● Data excerpts
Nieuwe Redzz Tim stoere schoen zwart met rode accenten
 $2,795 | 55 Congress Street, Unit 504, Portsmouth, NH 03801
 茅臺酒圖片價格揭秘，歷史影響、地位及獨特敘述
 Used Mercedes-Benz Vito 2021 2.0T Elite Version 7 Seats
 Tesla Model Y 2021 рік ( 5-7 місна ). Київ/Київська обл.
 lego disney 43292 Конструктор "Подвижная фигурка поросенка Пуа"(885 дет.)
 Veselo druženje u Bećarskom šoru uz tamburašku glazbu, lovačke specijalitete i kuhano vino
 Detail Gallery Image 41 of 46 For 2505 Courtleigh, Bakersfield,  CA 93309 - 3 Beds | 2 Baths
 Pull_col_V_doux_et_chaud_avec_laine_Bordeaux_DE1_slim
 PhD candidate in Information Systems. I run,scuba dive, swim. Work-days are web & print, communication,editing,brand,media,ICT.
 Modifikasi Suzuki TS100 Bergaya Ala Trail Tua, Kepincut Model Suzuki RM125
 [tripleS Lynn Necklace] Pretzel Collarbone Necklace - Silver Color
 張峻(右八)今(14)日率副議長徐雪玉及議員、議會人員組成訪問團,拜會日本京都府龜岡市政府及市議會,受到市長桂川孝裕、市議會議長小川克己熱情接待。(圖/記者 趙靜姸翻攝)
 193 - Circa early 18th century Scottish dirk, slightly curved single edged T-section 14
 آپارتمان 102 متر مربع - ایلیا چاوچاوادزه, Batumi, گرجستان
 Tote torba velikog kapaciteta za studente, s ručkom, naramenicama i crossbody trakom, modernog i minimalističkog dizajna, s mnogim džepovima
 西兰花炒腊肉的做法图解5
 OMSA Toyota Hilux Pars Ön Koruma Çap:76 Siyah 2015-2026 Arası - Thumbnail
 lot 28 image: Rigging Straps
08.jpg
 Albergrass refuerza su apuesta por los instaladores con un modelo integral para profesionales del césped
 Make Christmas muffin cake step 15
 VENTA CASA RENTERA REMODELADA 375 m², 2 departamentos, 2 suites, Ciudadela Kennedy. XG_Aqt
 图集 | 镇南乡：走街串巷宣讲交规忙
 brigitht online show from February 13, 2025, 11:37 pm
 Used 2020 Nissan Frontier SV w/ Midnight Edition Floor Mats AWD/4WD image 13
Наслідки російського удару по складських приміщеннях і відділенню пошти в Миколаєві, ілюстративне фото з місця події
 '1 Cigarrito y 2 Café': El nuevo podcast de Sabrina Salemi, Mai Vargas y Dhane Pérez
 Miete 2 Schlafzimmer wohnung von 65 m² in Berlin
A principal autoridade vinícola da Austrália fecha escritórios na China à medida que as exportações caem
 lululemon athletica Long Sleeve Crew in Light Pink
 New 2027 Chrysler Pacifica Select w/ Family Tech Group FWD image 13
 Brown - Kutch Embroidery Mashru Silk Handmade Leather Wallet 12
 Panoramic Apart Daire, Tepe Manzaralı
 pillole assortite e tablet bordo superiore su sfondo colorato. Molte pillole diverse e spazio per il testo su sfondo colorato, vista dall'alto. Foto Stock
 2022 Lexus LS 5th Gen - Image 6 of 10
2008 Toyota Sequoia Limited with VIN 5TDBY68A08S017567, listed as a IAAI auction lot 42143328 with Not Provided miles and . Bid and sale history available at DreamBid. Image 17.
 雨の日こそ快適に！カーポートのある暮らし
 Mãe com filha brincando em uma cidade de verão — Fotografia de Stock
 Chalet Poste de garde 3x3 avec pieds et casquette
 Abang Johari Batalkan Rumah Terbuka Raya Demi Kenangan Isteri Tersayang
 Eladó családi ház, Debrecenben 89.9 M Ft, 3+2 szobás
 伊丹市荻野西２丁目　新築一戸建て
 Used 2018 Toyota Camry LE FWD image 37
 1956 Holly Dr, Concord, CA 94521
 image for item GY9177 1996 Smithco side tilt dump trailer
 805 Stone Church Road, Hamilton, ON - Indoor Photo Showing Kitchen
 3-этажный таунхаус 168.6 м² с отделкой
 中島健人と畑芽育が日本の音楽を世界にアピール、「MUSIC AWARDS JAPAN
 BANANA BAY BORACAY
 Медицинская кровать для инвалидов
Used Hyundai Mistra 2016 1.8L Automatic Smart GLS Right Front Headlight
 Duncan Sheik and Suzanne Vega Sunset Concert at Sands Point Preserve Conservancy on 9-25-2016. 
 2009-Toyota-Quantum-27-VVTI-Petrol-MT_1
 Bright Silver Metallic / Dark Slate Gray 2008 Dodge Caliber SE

● What you need to do
Write out exactly the final stretch of the records: the line containing "Duncan Sheik and" and every line after it, through the last, and nothing else.

● Written reply
 Duncan Sheik and Suzanne Vega Sunset Concert at Sands Point Preserve Conservancy on 9-25-2016. 
 2009-Toyota-Quantum-27-VVTI-Petrol-MT_1
 Bright Silver Metallic / Dark Slate Gray 2008 Dodge Caliber SE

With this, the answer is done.